Question remains: Can international oil sharing work?

March 10, 2003
International management of strategically hoarded oil has always been a tenuous proposition.

International management of strategically hoarded oil has always been a tenuous proposition.

If the system is to work, governments must yield individual interests to group goals in times of oil-supply crisis.

During an emergency, the government of a country holding oil in strategic storage and needing it might be compelled to share with other countries, some with no oil hoards of their own.

The sharing obligation is central to the International Energy Agency's emergency program.

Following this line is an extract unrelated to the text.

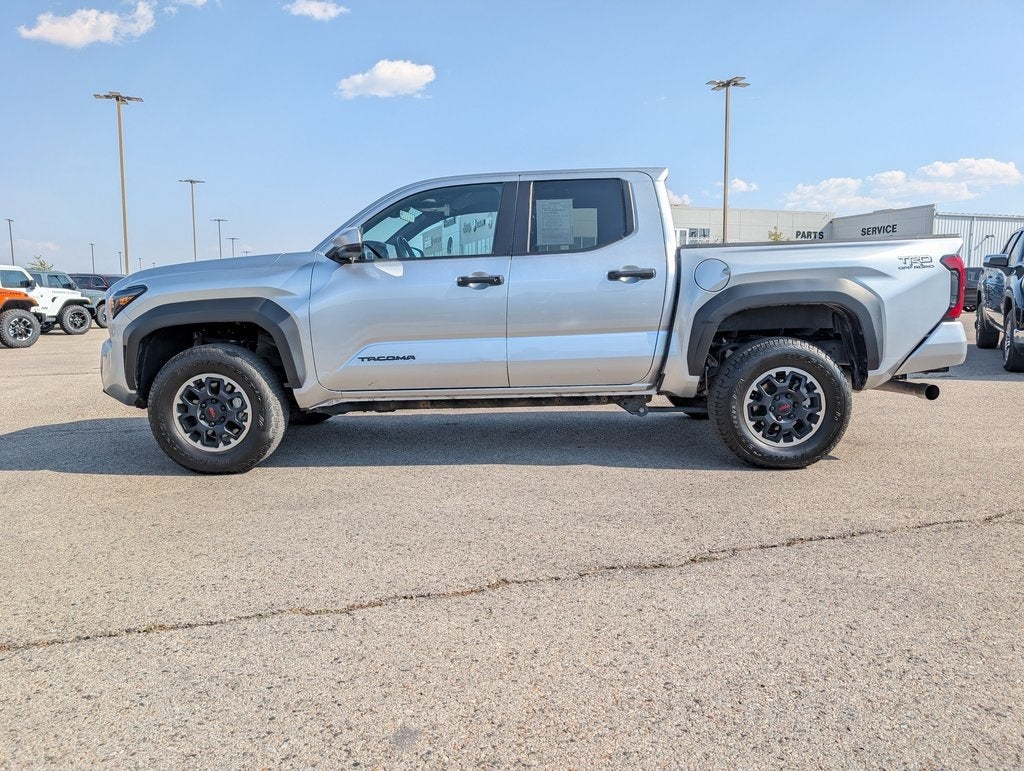 2024 Toyota Tacoma TRD Off-Road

The group's oil-importing members must hold oil in state-controlled inventory, now totaling 1.3 billion bbl with the US accounting for nearly half. And all 26 members must share oil in a supply emergency.

Can it work? With Iraqi production likely to cease if there's a war, with Venezuelan exports crimped by political turmoil, and with commercial inventories perilously low, the question is urgent.

US Energy Sec. Spencer Abraham offered important clarification on Feb. 25 when he told a Senate committee that the US would decide on use of crude oil from its Strategic Petroleum Reserve only in consultation with partners in the IEA oil-sharing agreement (OGJ Online, Feb. 26, 2003).

"We do not believe it (SPR oil) should be used to address price fluctuations," he said.

So SPR crude won't enter the market immediately.

The declaration assures Saudi Arabia and other exporters now raising production that the US won't undercut the effort—and their revenue windfall—with SPR oil.

It tells consumers that the need to conserve is real because the government won't short-circuit an essential market adjustment by manipulating supply.

And it leaves oil in storage against the ominous prospect of worsening market distress.

But it doesn't answer the question about whether IEA oil sharing can work

Abraham can't provide that answer. He can only promise to consult IEA, which he has done.

The best indication at hand about the collegiality essential to successful and effective oil sharing in a crisis doesn't come from any single country's energy authority.

It comes from the United Nations Security Council, not lately a splendid prototype of international decision-making.

At least no IEA member holds veto power.